# hummingbird 798C si combo problems



## Juan More Fish (Apr 1, 2007)

I just started haveing a few problems with this unit. My problem is,Ill have my the finder on, Then ill start the motor and it turns the screen a lot of different colors, where i have to turn off,and turn on again? Ill be driving on the water, and it turns off?
Then i lose gps signal?Was fishing yesterday,and it said no gps connection? it has a gps antenna. I just turn it off, and turn it on again its fine for a little bit? This has happened several times before. If i turn on my aerator on my livewell, the screen goes blac? I think it has some thing to do with the eletrical side of my boat. The power supply is feed thru my control / rocker panels of the boat. I was thinking,about running a straight cable to the battery with a in line fuse,to prevent this problem? What do you all think? has anyone encountered something like this? if i cant find out why, Ill get a new fish finder. never used all the si,orDI on the unit. i fish erie.


----------



## Salmonid (Apr 14, 2004)

sounds like your on the right track, if the units dont get enough power, they start doing all sorts of weird stuff, I have the 1197 and had the same probs until i switched the finder to a seperate battery that is part of my trolling motor pair that only run that and are always topped off from my on board charger, never had any more probs since i did that, and yes, put a fuse on it . Im pretty sure that will help fix most of your problem, if not, HB Customer service has be great with all the questions I had


also you can put the volts up on the screen and watch it drop once you start motor, livewell, etc. 


Salmonid


----------



## Juan More Fish (Apr 1, 2007)

Per factory,i just need to make a direct line to the battery. the battery i dont use to start the motor. will do it.thanks for your response.


----------



## Juan More Fish (Apr 1, 2007)

If the unit is connected to the same power source as the motor it may be taking necessary current from the unit which would cause it to shut off.
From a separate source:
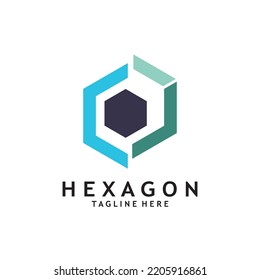 abstract hexagon logo vector illustration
The voltage may stay the same but the operating current needed for the unit to run would drop to a point where it doesn't have enough energy to function fully. Moving the unit to its own separate battery should eliminate this from happening.
Thank you,
Sequenthia-CRC

Wow they were dead on. My rocker switch is going out. I connected to the battery, and guess what no problem. Shout out to hummingbird.


----------